Program Pemberdayaan Masyarakat memiliki tantangan-tantangan kedepanya. Adapun tantangan-tantangan tersebut adalah:
1) Memberikan inovasi dan ide-ide kreatif kepada masyarakat
Sangatlah perlu dalam memberikan inovasi dan ide-ide kreatif kepada masyarakat. Artinya, institusipelaksana juga memberikan arahan terhadap apayang telah di usulkan masyarakat, sehingga usulan yang telah terealisasi akan berlanjut di kemudian hari.
2) Menciptakan kemandirikan masyarakat
Adanya program pemberdayaan masyarakat di suatu daerah sebenarnya hanya untuk memancing respon masyarakat. Sehingga kedepannya masyarakat bisa meningkatkan partisipasinya, baik dalam melaksanakan ataupun mengelola dana yang telah dianggarkan, bukan lagi menciptakan ketergantungan masyarakat akan adanya suatu program.
Penutup
Upaya pemberdayaan masyarakat merupakan jalan yang panjang dan masih penuh tantangan. Pola pendekatan pembangunan yang instruktif dan sangat kapitalistik telah melembaga sangat kuat di daerah baik secara social, ekonomi, budaya hingga politik, sehingga tidak mudah menjebolnya. Hanya komitmen yang kuat dan keberpihakan yang tulus serta upaya yang siungguh-sungguh pemberdayaan masyarakat dapat dikembangkan.

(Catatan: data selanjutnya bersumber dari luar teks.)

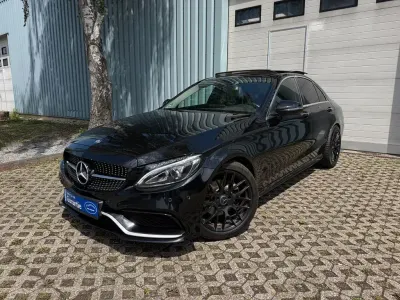 Gebraucht Mercedes C220 AMG line 170 PS (125 kW) 2015 Schwarz Limousine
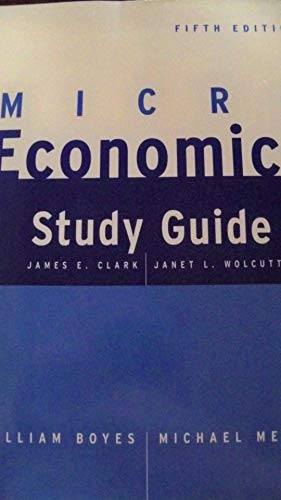 Imagen de archivo de Microeconomics Study Guide : Used with . Boyes-Economics; Boyes-Microeconomics a la venta por Better World Books: West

Pemberdayaan masyarakat membutuhkan komitmen yang kuat dari pemerintah, para pelaku ekonomi, rakyat, lembaga pendidikan, organisasi social kemasyarakatan maupun organisasi profesi serta organisasi non pemerintah lainnya.
Orientasi pada pemberdayaan masyarakat adalah sebuah keharusan, dan karenanya penyesuaian metodologi dan efektifitas proses dan tahapan perencanaan pembangunan yang tepat sesuai kebutuhan masyarakat menuju masyarakat yang mandiri dan mampu berkembang.